● **Your objective**:
Beneath this sentence is a listing. Return its lines from the one containing "White Star Line, Olympic" through the last, exactly, and omit the pictures.

● **Provided material**:

..............................

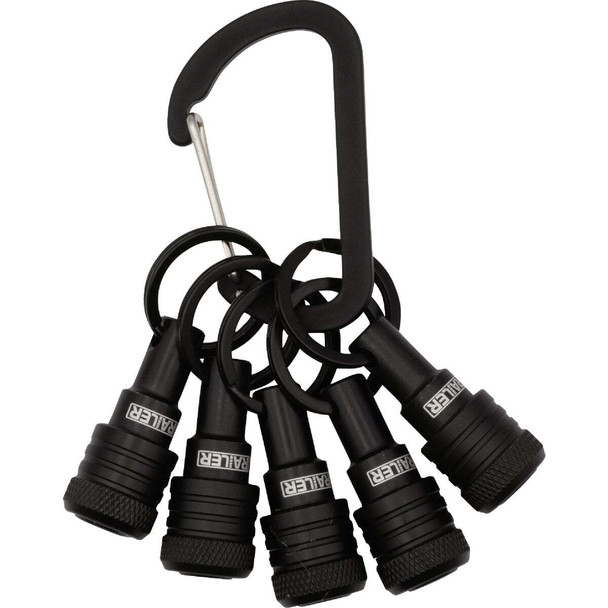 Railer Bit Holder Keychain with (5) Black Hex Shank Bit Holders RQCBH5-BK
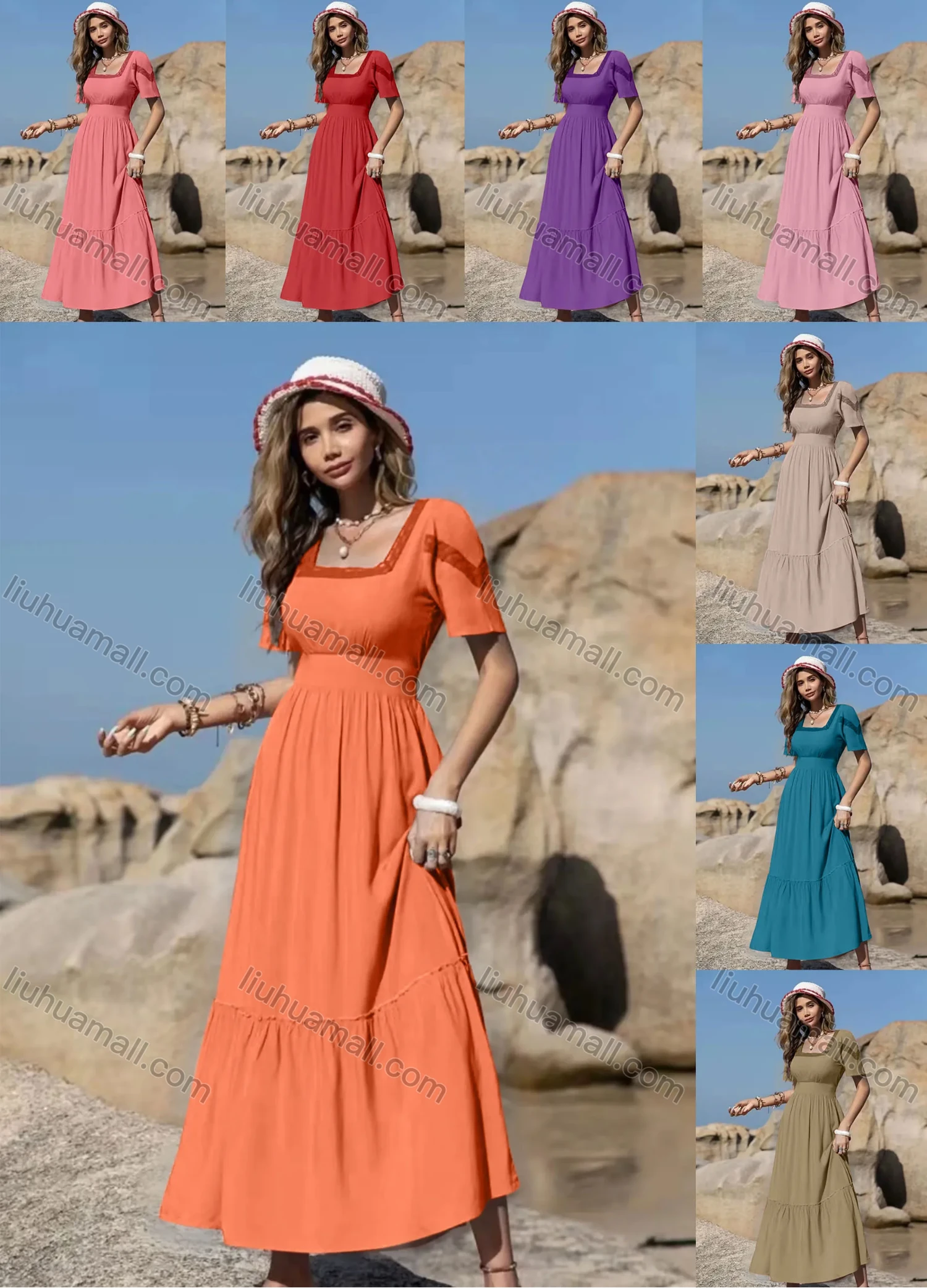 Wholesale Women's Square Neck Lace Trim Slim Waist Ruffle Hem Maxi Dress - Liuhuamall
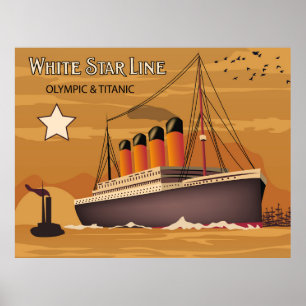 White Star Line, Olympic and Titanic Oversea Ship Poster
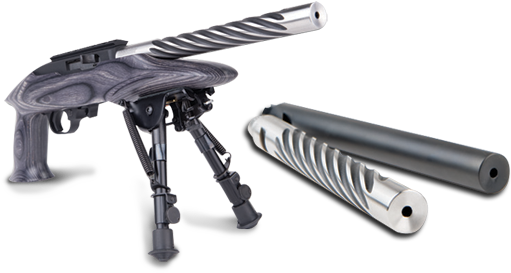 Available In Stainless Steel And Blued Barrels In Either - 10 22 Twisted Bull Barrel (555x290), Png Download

..............................

● **Response to this exercise**:
 White Star Line, Olympic and Titanic Oversea Ship Poster
 Available In Stainless Steel And Blued Barrels In Either - 10 22 Twisted Bull Barrel (555x290), Png Download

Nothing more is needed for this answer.